Aku menulis ini bersama rasa
sakit yang tidak benar-benar kamu pahami. Aku menatap laptopku dengan wajah
masam, berujung pada perasaan yang tidak berhasil kautebak. Mengertikah kamu,
perjuanganku juga butuh kepedulianmu?
Entah karena kauterlalu bodoh
untuk menilai atau terlalu egois untuk memaklumi. Aku mencoba sabar, mencoba
sabar menghadapimu. Aku berusaha bertahan, berusaha mempertahankan yang
harusnya aku lepaskan. Aku sudah menunggu sangat lama, mengharap pengertianmu
menderas ke arahku. Tapi, hal itu tak kunjung kutemui. Kamu masih begitu,
dengan omonganmu, dengan tingkahmu yang tak berubah.
Apakah kesabaran dan
perjuangan yang kulakukan benar-benar tak terlihat di matamu? Kaumengetahui
segalanya kan? Mengapa hanya diam dan bisumu yang selalu kudapati di hari-hari
kebersamaan kita?
Aku ketakutan dan kedinginan
sendirian. Kamu tak pernah ada di sini saat aku butuhkan. Aku juga tak paham
lagi, pantaskah kebersamaan kita terus aku perjuangkan? Pantaskah sosokmu
selalu kupertahankan? Jika yang kudapatkan hanya pengabaian, ketidakpedulian
dan kebohongan; bagian manakah yang bisa memberi kebahagiaan?

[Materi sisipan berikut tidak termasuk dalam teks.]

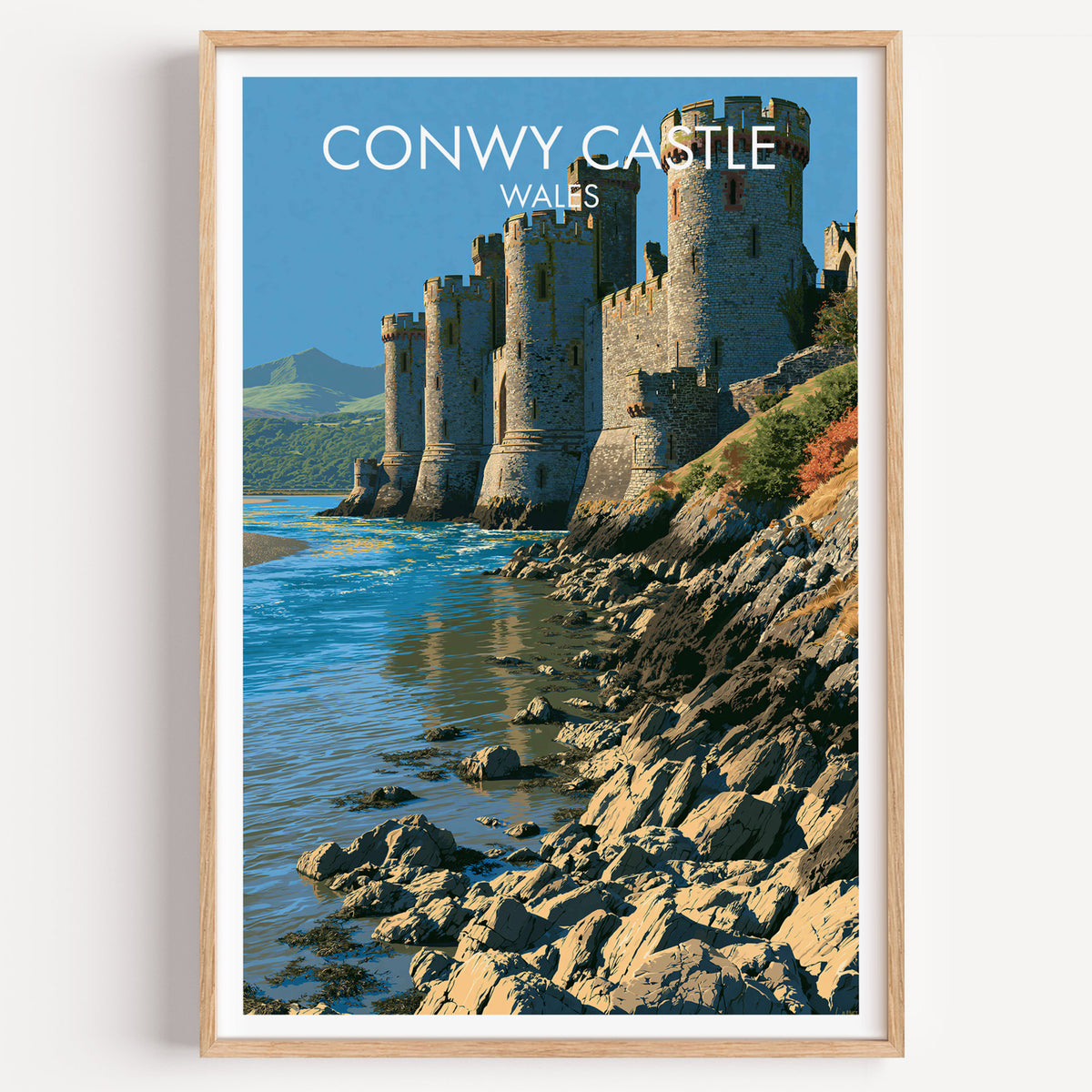 Conwy Castle travel poster, light oak frame on a plain white wall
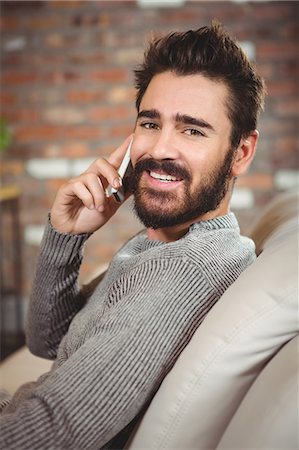 simsearch:6109-08390077,k - Portrait of happy man talking on smartphone Stock Photo - Premium Royalty-Free, Code: 6109-08395849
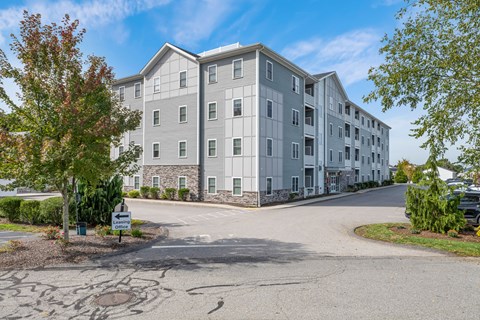 A large grey apartment building with a driveway in front.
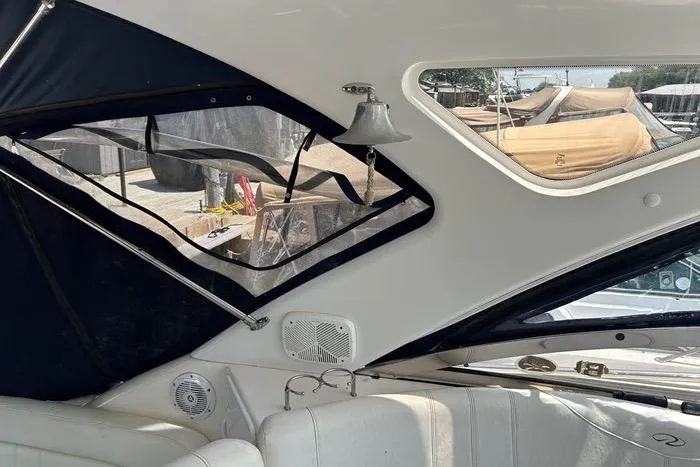 Knot On Call Yacht Photos Pics Interior view of 2007 Regal Commodore 4060 yacht with white seating and windows.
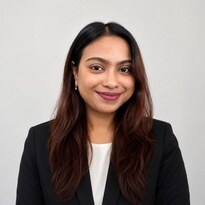 Portrait photo of a person in formal business attire, facing the camera against a plain light-gray background with a professional headshot composition.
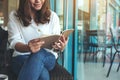 A woman opening a book to read with notebooks and coffee cup on wooden table in cafe Royalty Free Stock Photo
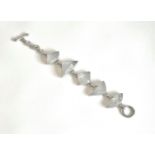 A silver and moonstone bracelet - with five different geometrically shaped cabochon moonstones in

Kamu jauh di sana, tak banyak
yang kaulakukan selain mengirim pesan singkat atau menyapaku dari ujung
telepon. Tak banyak yang bisa kita lakukan selain saling merindukan. Rasa perih
itu semakin membesar, membentuk luka yang mungkin sulit sembuh. Semakin sering
aku tak melihatmu, ketakutanku di sini semakin menebal.

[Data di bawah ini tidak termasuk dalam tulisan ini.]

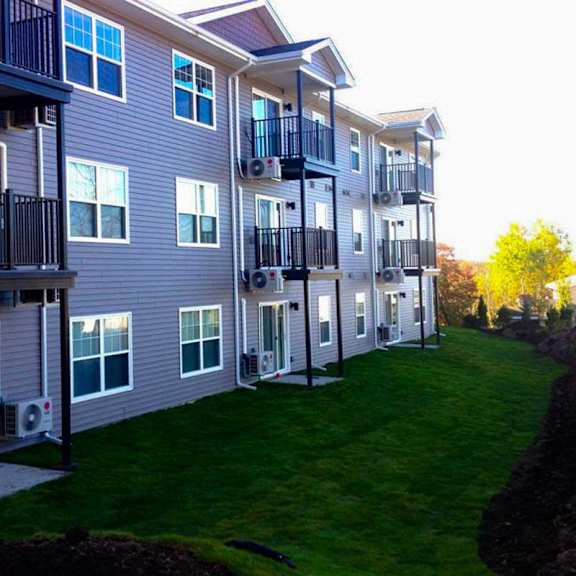 apartment building with balconies and green lawns.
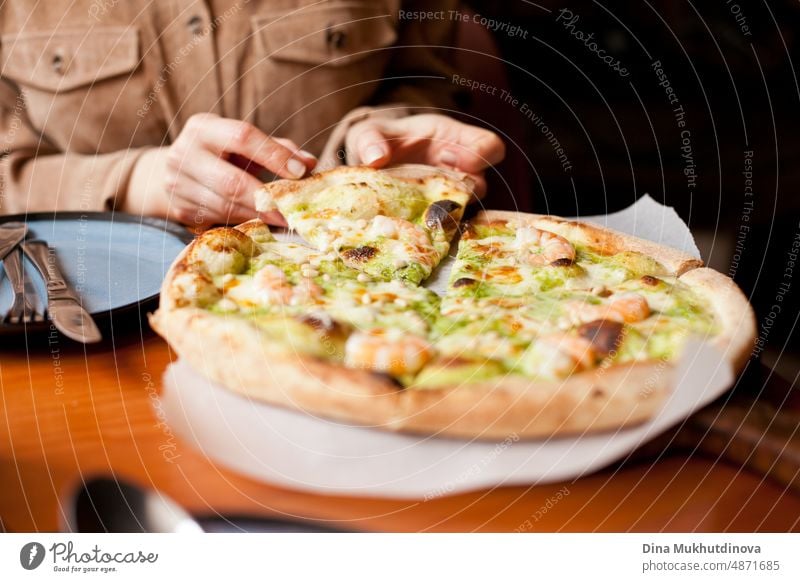 Pizza essen in einer Pizzeria. Pizza Nahaufnahme im Karton - Pizzalieferung und Essen zu Hause. Fast Food Gewohnheiten. Pizzabestellung per App und Lieferung nach Hause. Frau isst Pizza im Restaurant, nimmt ein Stück.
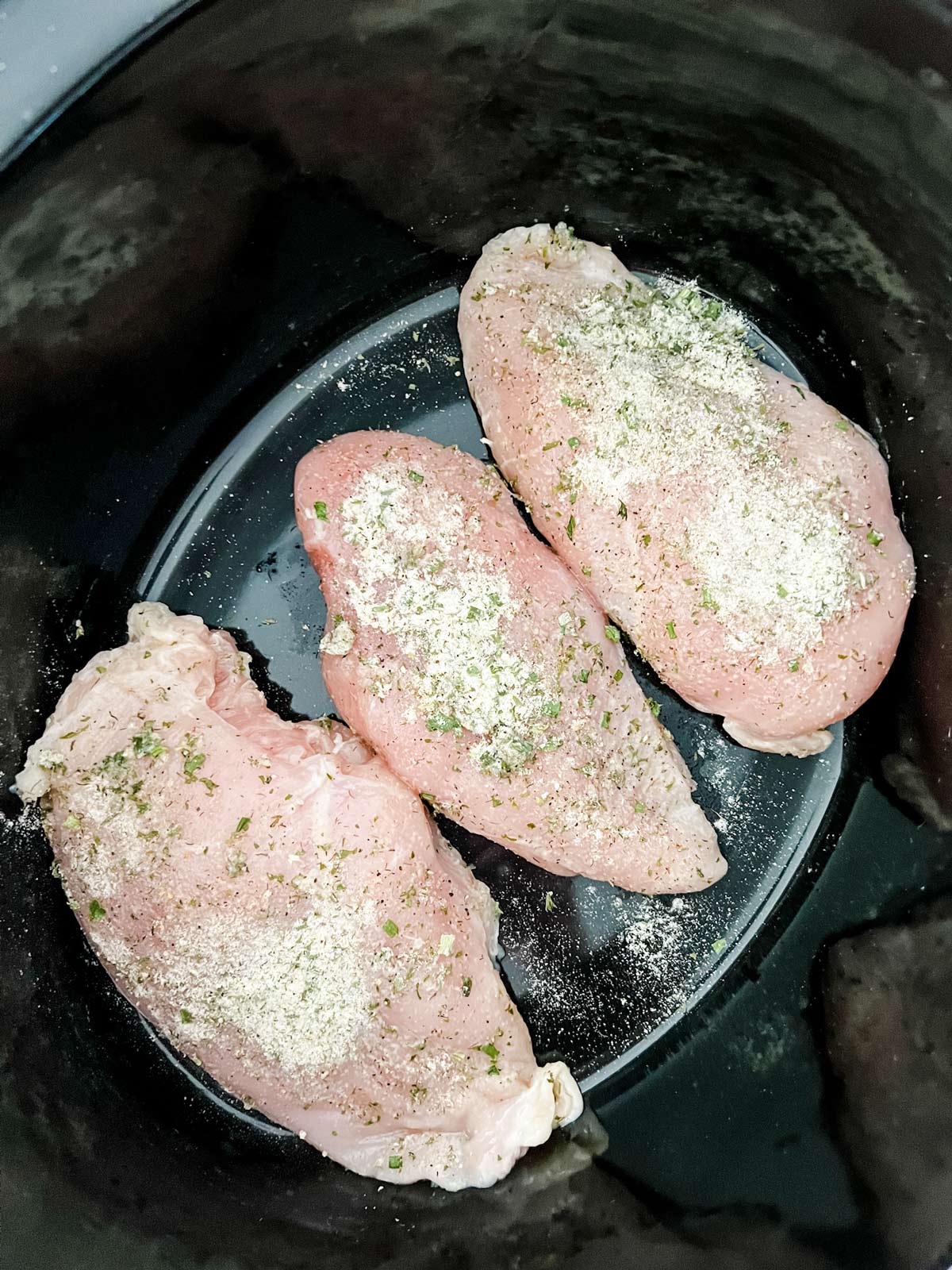 Ranch seasoning chicken breast in a crockpot.
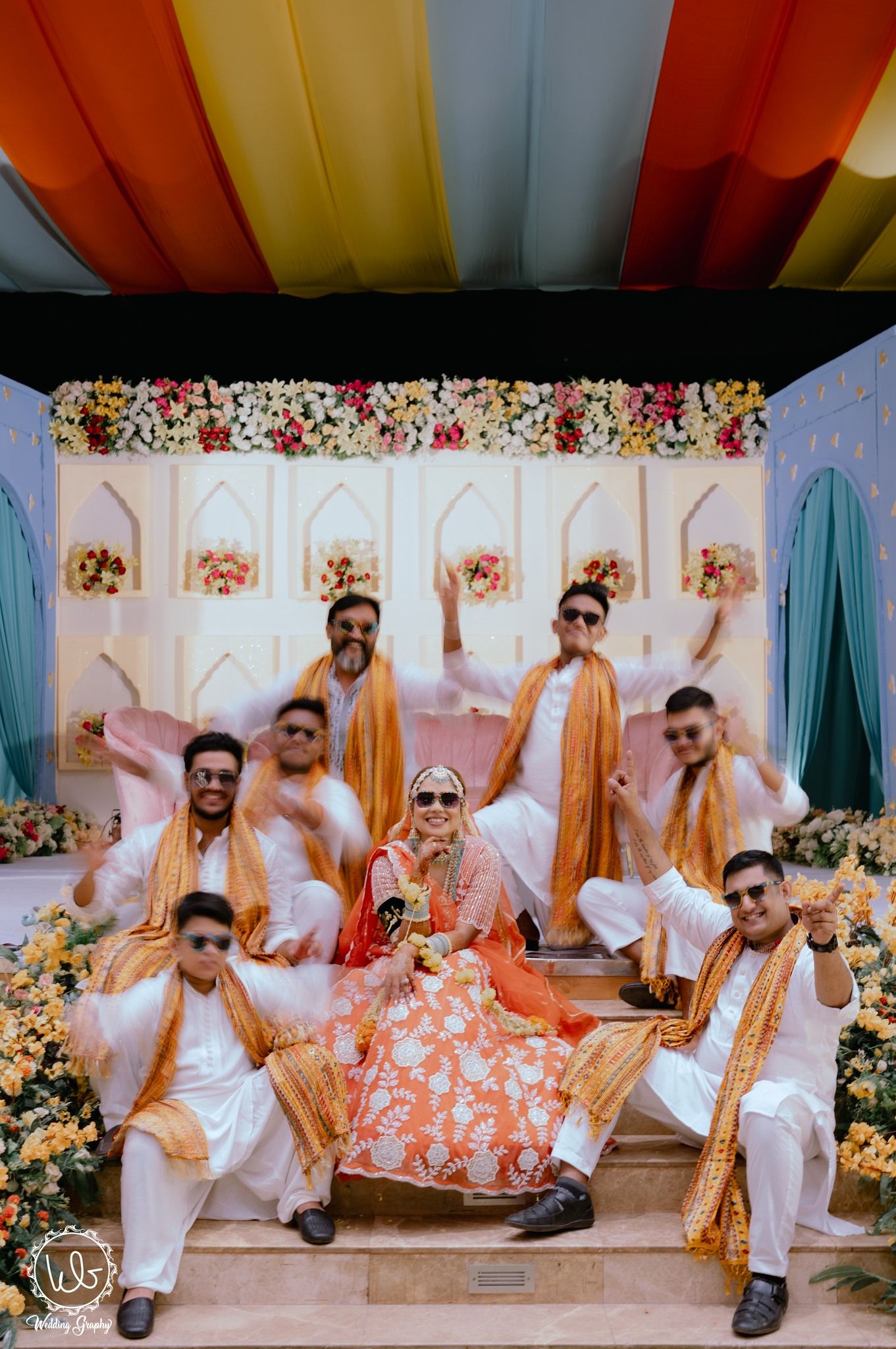 A group in white outfits pose playfully on the floor against a floral backdrop at a formal event.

Perlukah aku membandingkan
kamu dengan pria-pria lain yang lebih pandai meluangkan waktunya untukku,
daripada sedikit waktu yang kauluangkan untukku? Kamu tak pernah peduli pada
sakitku, perihku, dan sedihku. Kaubiarkan aku menyelesaikan segalanya
sendirian. Inikah wujud kepedulian yang selalu kauributkan denganku? Mana
kepedulianmu? Mana kehadiranmu? Kosong!